If so, then the bug is that CSV import dialog doesn't remember the choice of encoding last time a file is opened.  I'm positive I've seen such a bug before.

Comment 5 Jonny Grant 2023-11-01 13:18:05 UTC

(In reply to Ming Hua from comment #4)
> (In reply to Jonny Grant from comment #0)
> > Description:
> > Calc Open CSV Chinese characters for UTF8 file after UTF16 file with BOM
> > 
> > Steps to Reproduce:
> > 1. Open UTF-8 CSV file (no BOM) utf8.csv - click through the import dialog.
> > 2. Open UTF-16 CSV file with BOM  utf16.csv - click through the import
> > dialog.
> > 3. Open utf8.csv again and observe that it shows corrupted chinese text in
> > the import dialog.
> > Screenshot attached.
> The screenshot shows that "Character set" is set to "Unicode (UTF-16)", so
> of course the UTF-8 encoded file can not be displayed properly.
> 
> I assume the import will be OK if the user manually set "Character set" to
> UTF-8 manually in step 3?
> 
> If so, then the bug is that CSV import dialog doesn't remember the choice of
> encoding last time a file is opened.  I'm positive I've seen such a bug
> before.

Dear Ming Hua 

Thank you for your reply.

The bug appears to be that a UTF16 BOM in a genuine UTF16 file, is remembered by Calc. It then stays in UTF16 mode. It does not return to a default of UTF8.

The test files are attached.

Note, my UTF8 file does not contain a BOM.

Comment 6 Jonny Grant 2023-11-01 13:22:29 UTC

Yes, if manually changing to UTF-8 step (3) it works fine again. And doesn't occur again.

Comment 7 Ming Hua 2023-11-02 04:03:10 UTC

(In reply to Jonny Grant from comment #5)
> The bug appears to be that a UTF16 BOM in a genuine UTF16 file, is
> remembered by Calc. It then stays in UTF16 mode. It does not return to a
> default of UTF8.
> 
> The test files are attached.
> 
> Note, my UTF8 file does not contain a BOM.
I am far from an expert, but my understanding is that with BOM it's much easier to detect the UTF-16 encoded file properly. On the other hand, the UTF-8 file attached only contain ASCII characters, and therefore without BOM is much harder to detect encoding confidently and correctly.

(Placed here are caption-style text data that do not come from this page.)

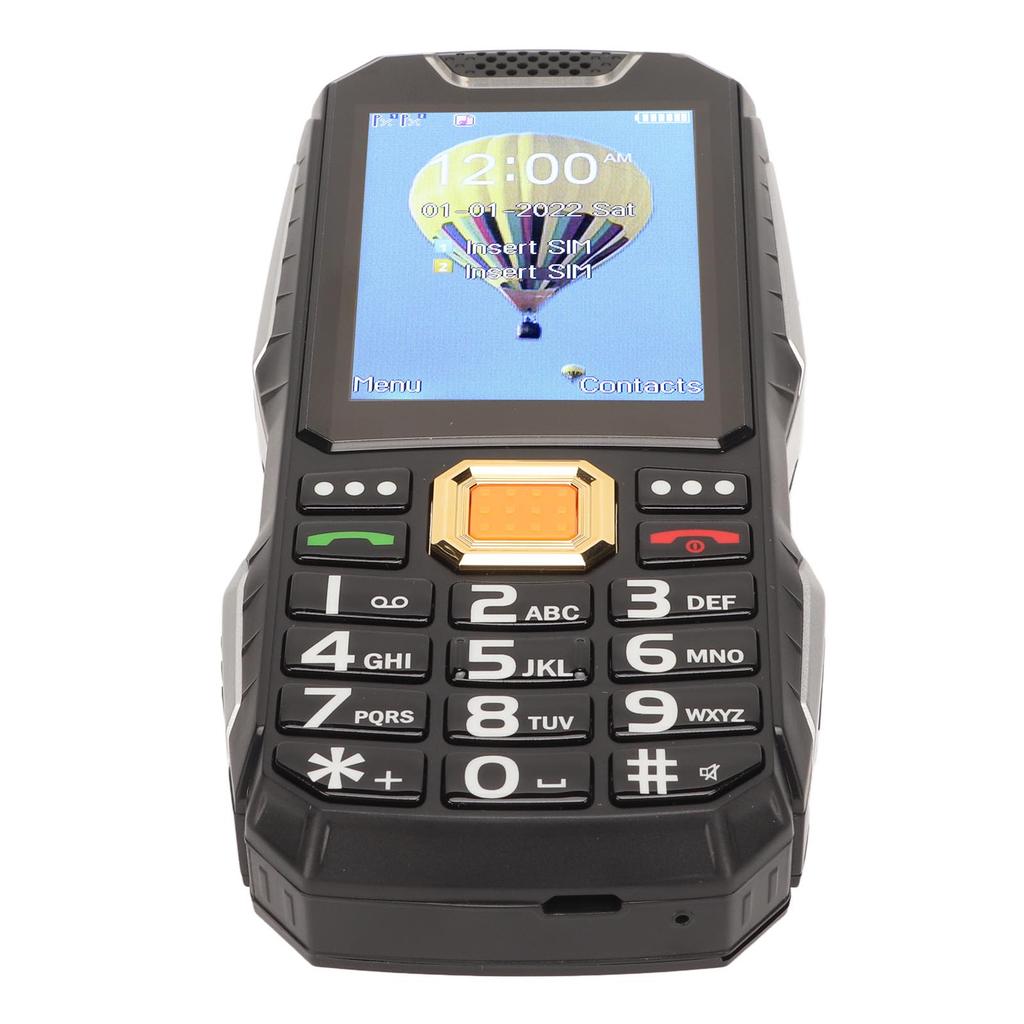 2G Senior Cellphone 2.8in HD Screen 3D Big Button Dual Card Senior Cellphone with Flashlight Black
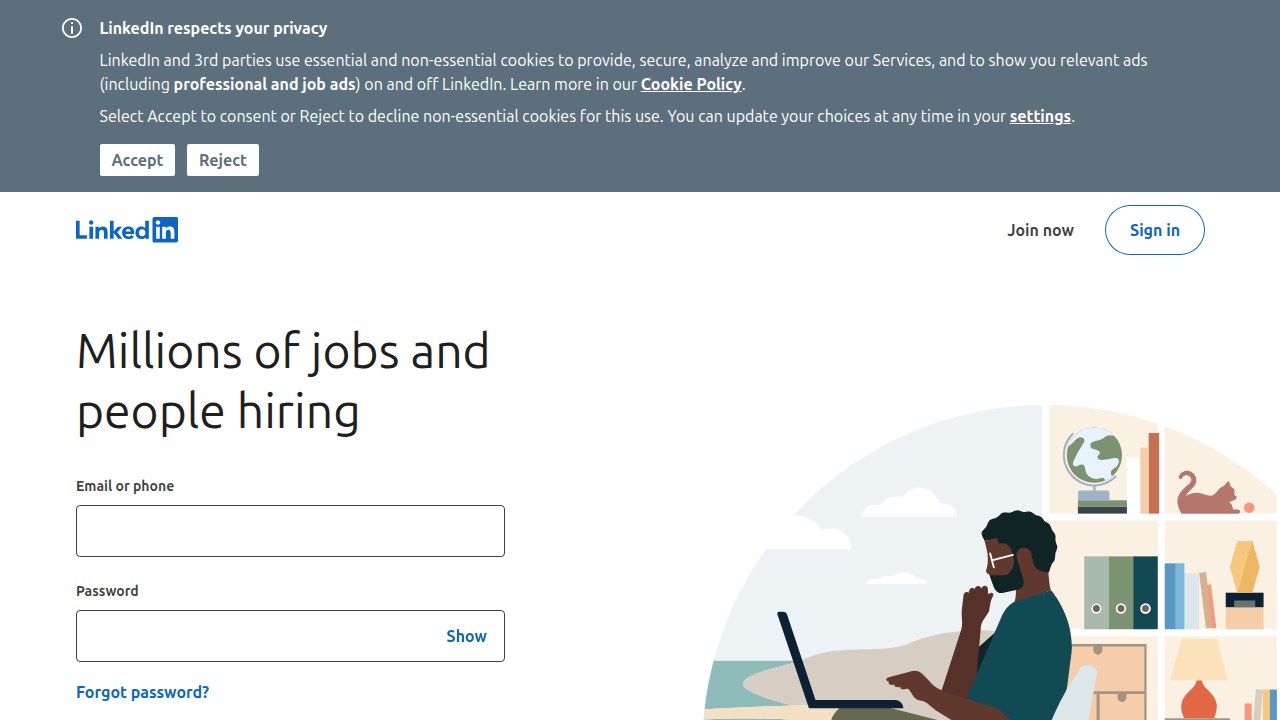 The LinkedIn Jobs homepage, illustrating its focus on professional networking and job opportunities within a vast professional community.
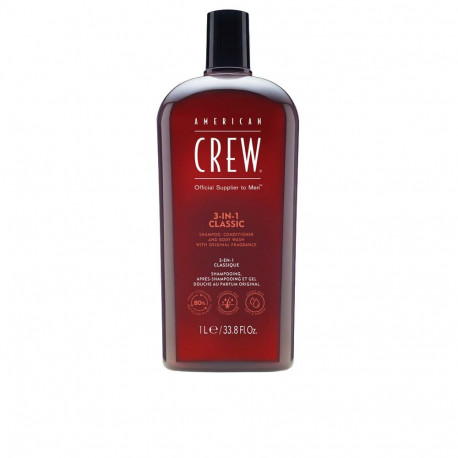 AMERICAN CREW 3-ühes šampoon, palsam ja kehapesu 1000ml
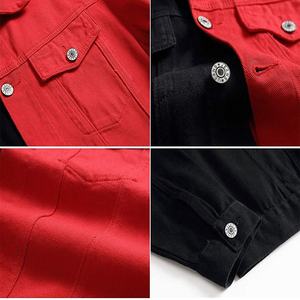 Ripped Fashion <b>Men</b> <b>Denim</b> <b>Jacket</b> Stand Collar Front Logo Stylish Streetwear Design Slim Fit Warm Blue Winter Outerwear Casual - Product Image 4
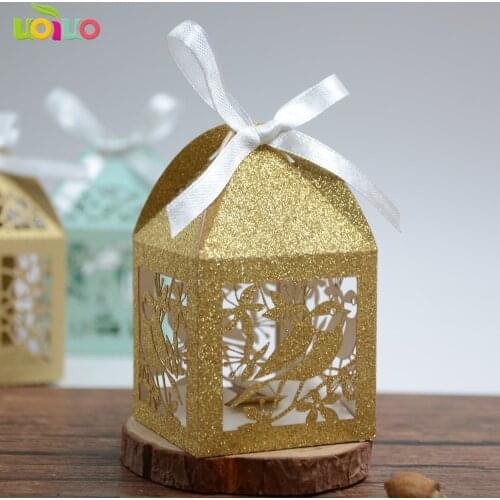 50pc Romantic Wedding favors box glitter metallic rose gold navy blue Candy Gift Boxes Wedding Party Candy Box with Ribbon New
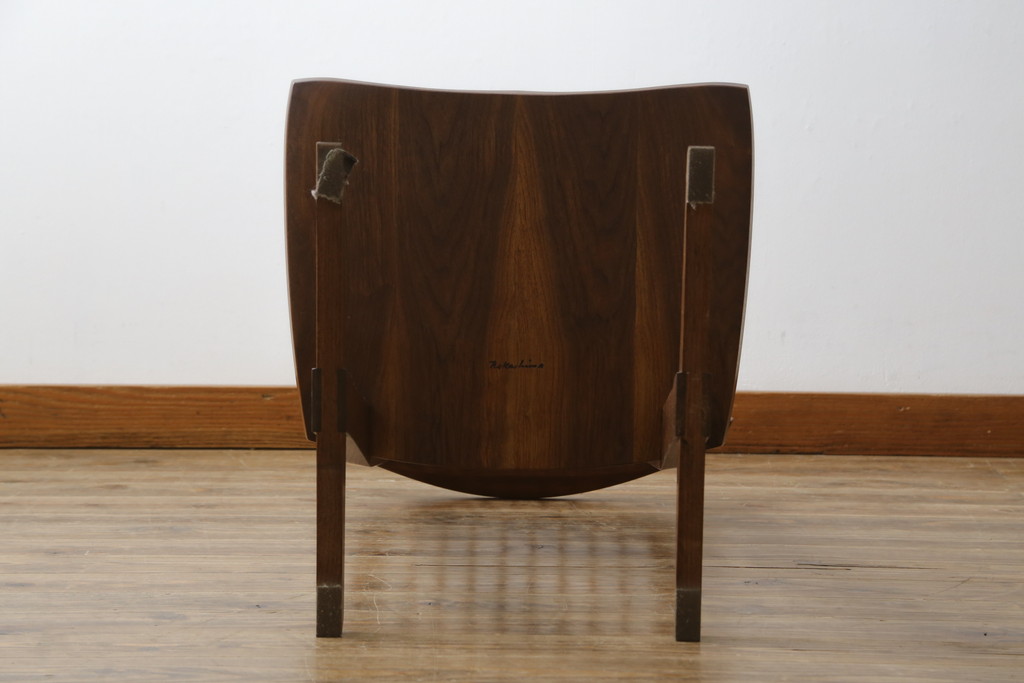 和製ビンテージ　美品　ジョージナカシマ　コノイドチェア(CONOID CHAIR)　CN101　スタイリッシュな佇まいのサイドチェア(ジョージ・ナカシマ、板座チェア、ダイニングチェア、椅子、イス、ヴィンテージ)(R-079711)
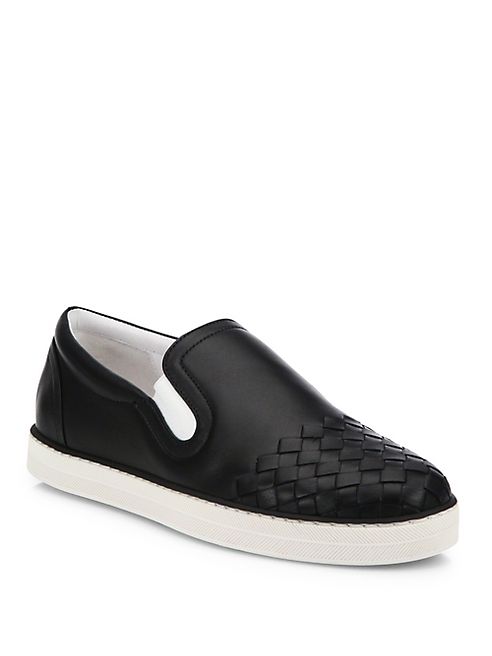 Bottega Veneta - Intrecciato Leather Slip-On Sneakers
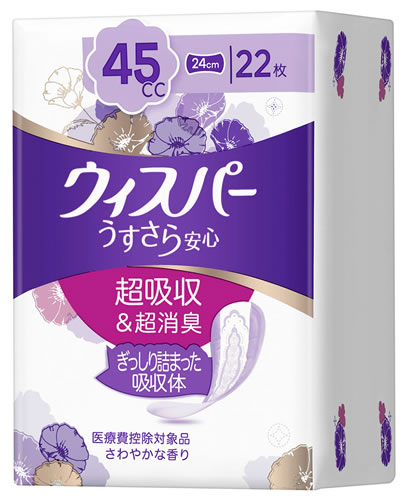 P&G ウィスパー うすさら安心 快適の中量用 45cc (22枚) 女性用 尿とりパッド 尿ケアパッド　【P＆G】　【医療費控除対象品】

Anyway, let's ping the CSV import meta bug and see if someone knows better can look at this.

Comment 8 Mike Kaganski 2023-11-14 08:24:15 UTC

(In reply to Ming Hua from comment #7)

We have a way to detect encoding; it is easy enough to tell UTF-8 from UTF-16 (but it can't be said about other pairs of values). See e.g. bug 60145. The situation here is that we don't try to detect it at all.

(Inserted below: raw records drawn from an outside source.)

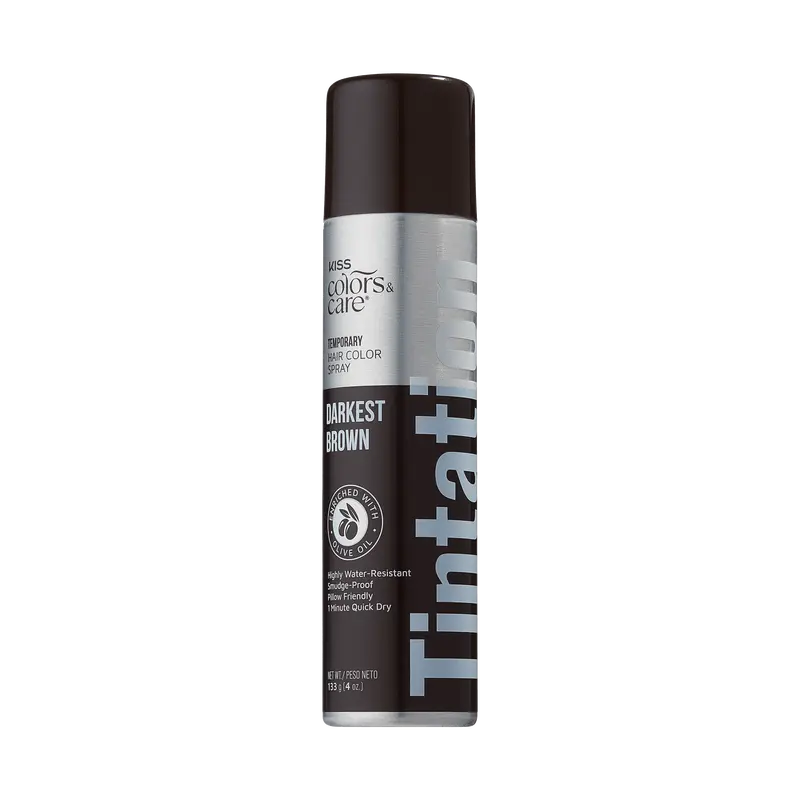Kiss Colors & Care Tintation Spray - Darkest Brown | Temporary Hair Color Spray, Semi Permanent Hair Color, Hair Dye, Hair Color
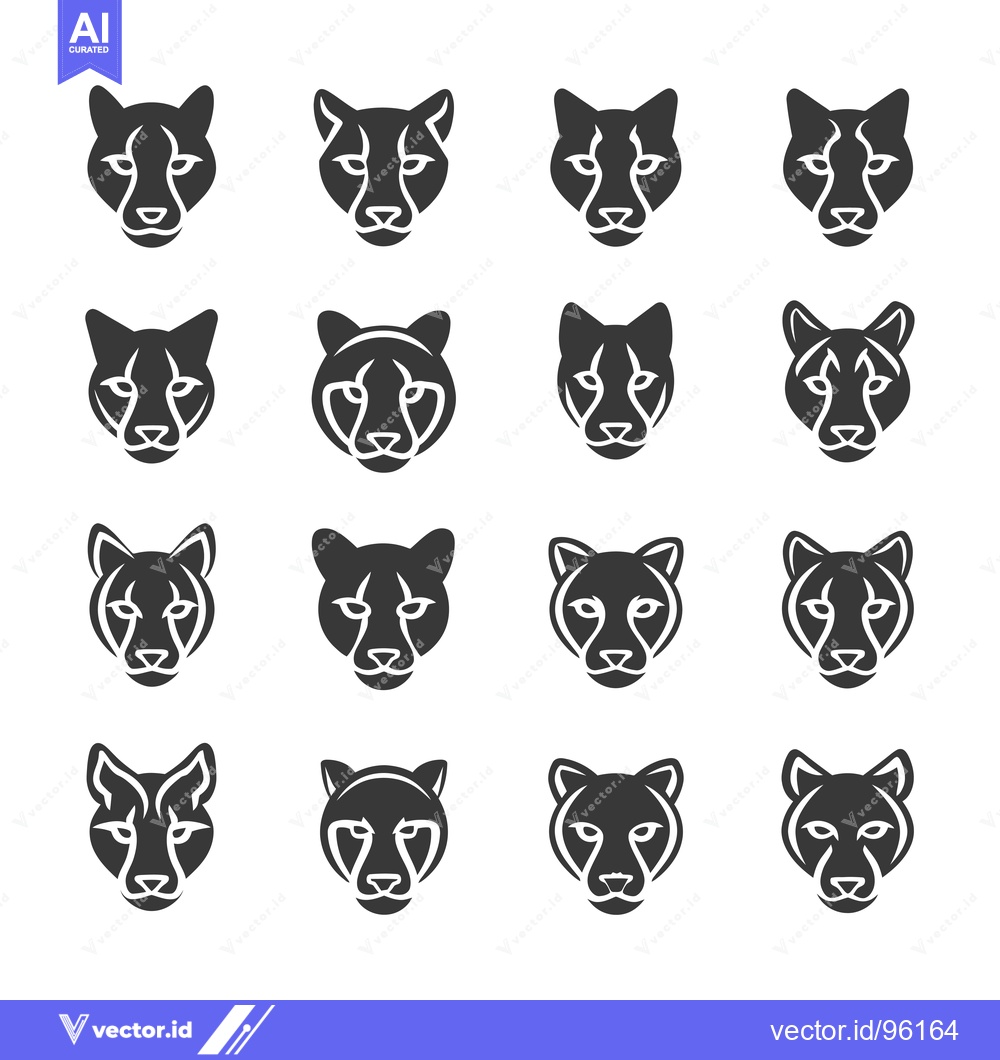 Premium Vector of Set of Sixteen Black and White Cougar Head Icons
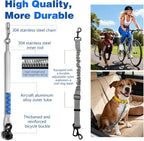Bicycle Dog Leash for Riding, Hands Free 150° Rotating Built-in Shock Absorber Bike Retractable Leashes for Cycling, Elastic Nylon Adjusted Car Holder Seat Belt Rope (Silver)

Comment 9 Jonny Grant 2023-11-14 10:39:23 UTC

My suggestion is to always default to UTF-8 on Linux - or at least go by the locale where no BOM is found. So never save any UTF16 as "last opened charset".

It's easy enough to check the locale from the shell or C.
$ locale
LANG=en_GB.UTF-8

Comment 10 Mike Kaganski 2023-11-14 11:35:47 UTC

The *default* is already the system encoding. But the default is only used when there was no "last used configuration" stored.

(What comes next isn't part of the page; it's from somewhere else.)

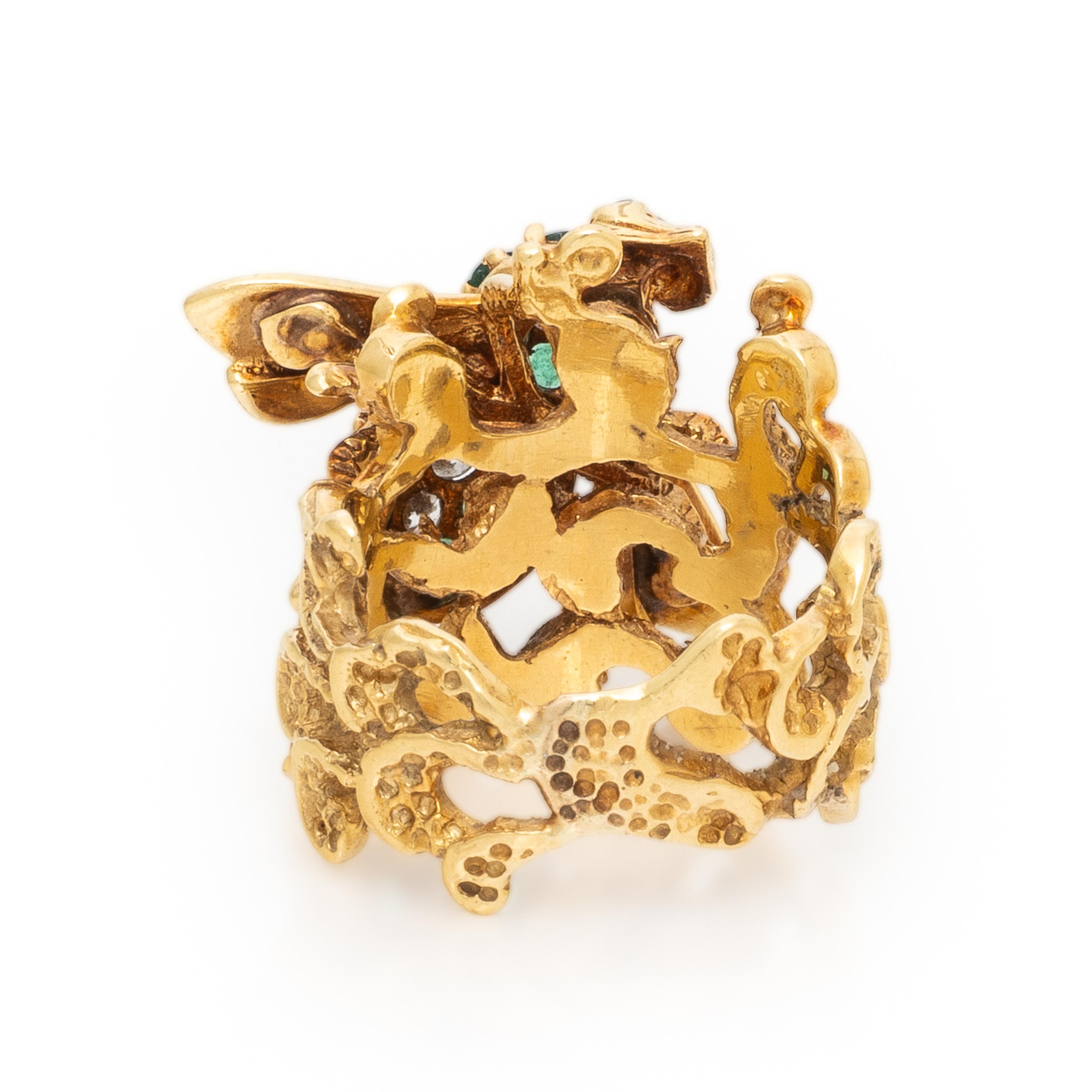 Emerald, Diamond, and Yellow Gold Bee Ring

1. Since we try to autodetect encoding (works with BOM), we might want to also autodetect files without BOM (see bug 60145 for an implementation of detection).
2. A possibility could be to avoid storing autodetected encoding (so if an encoding was autodetected, and not changed by user, then it should not go into the profile).

Comment 11 Kevin Suo 2023-11-22 09:51:56 UTC

I revise the summary field - They are not Chinese characters. They are simply garbage characters / messy codes.

Comment 12 Eike Rathke 2024-05-19 14:55:51 UTC

Not reproducible anymore in 24.8 since implementation for bug 152336 forces an encoding detection on file import.